Those Pesky Passwords

Everybody these days thinks you need a password to visit their website, even if the content is free. A few years after the New York Times initiated its “registration” process, it’s becoming difficult to find news providers who do not require you to first submit a user name and password. Everyone from the Washington Post to the Kingsport Times-News now forces you to login before you can read their content.

This isn’t so much of a problem for sites visited frequently, as cookies usually save the login information. If you ever clear out your cookies, you’re in trouble unless you’ve saved the login information with your browser. Even then, if you update or switch browsers (or work on multiple computers), you’re up the creek.

All this passing around of passwords is done for the benefit of advertising, right?
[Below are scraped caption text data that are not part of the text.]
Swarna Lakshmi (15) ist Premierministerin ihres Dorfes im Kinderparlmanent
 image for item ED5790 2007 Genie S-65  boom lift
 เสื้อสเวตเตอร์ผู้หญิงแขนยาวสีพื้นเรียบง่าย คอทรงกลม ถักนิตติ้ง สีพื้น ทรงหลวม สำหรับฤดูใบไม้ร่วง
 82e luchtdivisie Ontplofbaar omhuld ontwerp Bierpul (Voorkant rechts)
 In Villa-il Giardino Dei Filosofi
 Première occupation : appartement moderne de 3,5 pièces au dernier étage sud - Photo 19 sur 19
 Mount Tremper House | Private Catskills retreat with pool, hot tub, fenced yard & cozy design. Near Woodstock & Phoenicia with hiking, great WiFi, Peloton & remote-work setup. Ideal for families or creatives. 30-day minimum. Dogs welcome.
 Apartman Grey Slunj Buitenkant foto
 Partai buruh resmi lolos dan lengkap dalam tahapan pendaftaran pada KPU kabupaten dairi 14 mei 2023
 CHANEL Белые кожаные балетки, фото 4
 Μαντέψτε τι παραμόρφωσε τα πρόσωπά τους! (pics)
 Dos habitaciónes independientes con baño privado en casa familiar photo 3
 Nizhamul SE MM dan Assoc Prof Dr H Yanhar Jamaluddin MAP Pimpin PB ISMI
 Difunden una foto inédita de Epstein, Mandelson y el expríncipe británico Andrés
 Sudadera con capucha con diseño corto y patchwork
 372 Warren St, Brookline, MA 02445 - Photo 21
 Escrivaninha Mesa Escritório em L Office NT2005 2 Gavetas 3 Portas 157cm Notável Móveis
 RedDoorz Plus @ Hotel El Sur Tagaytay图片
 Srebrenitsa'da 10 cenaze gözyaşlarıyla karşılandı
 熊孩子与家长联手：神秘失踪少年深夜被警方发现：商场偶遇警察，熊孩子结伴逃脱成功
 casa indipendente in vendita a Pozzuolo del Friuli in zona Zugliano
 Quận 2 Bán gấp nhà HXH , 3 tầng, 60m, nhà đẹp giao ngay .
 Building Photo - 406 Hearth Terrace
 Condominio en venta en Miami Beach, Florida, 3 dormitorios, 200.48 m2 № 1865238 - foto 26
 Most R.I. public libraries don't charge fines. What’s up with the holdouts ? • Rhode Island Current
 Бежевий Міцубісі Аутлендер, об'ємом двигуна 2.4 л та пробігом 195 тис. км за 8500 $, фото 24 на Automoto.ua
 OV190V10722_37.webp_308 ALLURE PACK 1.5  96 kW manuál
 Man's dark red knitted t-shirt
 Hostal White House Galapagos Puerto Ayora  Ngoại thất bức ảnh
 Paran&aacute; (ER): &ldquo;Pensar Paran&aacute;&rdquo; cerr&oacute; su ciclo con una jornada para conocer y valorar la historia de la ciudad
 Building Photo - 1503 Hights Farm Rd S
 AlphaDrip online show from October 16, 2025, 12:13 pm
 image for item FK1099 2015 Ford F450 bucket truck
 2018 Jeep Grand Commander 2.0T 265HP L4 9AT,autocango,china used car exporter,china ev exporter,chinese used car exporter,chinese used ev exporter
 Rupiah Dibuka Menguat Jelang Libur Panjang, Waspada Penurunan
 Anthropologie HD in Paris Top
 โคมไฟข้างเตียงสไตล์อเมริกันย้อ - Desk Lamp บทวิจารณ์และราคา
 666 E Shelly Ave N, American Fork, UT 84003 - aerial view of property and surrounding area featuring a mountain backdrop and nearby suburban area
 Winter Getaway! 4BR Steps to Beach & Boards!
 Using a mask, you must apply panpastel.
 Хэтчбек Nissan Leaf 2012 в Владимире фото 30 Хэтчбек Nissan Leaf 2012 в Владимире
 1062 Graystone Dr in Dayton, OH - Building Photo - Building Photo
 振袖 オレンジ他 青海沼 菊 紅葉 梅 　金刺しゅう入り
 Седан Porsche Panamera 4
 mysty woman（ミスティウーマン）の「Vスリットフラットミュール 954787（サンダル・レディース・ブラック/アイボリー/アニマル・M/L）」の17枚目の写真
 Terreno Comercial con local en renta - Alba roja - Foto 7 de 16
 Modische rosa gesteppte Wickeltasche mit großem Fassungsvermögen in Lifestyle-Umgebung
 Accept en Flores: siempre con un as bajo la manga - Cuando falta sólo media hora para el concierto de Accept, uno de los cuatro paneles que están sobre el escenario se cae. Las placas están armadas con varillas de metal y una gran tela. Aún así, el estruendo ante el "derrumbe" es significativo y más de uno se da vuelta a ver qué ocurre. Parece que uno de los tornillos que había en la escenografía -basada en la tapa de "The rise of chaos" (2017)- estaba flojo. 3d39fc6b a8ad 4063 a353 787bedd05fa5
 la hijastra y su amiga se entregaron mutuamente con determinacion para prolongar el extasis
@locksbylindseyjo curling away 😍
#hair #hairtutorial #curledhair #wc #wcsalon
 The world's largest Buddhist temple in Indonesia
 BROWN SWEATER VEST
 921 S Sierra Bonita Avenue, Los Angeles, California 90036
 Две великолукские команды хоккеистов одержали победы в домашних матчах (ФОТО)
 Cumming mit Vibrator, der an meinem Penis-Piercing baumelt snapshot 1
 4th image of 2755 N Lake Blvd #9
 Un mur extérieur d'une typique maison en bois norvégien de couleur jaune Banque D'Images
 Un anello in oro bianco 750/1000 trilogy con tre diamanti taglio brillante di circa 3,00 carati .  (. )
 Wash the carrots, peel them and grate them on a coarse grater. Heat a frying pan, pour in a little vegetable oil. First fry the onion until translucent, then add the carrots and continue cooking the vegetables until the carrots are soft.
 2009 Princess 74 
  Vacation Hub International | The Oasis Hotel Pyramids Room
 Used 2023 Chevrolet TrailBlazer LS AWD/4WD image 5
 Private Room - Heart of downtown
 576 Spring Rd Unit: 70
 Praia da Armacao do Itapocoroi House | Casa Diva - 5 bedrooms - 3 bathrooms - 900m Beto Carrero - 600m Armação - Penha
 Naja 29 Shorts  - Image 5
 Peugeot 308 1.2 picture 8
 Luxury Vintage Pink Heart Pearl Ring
The marketing people want to get to know their audience a little better so they ask of them a few questions so they can better advertise.

While big-time papers like the Times and Post can get away with this—I visit them regularly enough to fill out the registration and leave the cookies—I’m not sure if this is beneficial to smaller new agencies like the Kingsport Times-News or WHAS11.com. Most of the time I’ll just pass on reading one of their stories rather than figure out which of my “regular” passwords I used for this site. The marketer will get to know his audience really well whose audience never shows up.

All this to say that I will not be requiring a username and password to access TruePravda. I know you were worried, but rest at ease.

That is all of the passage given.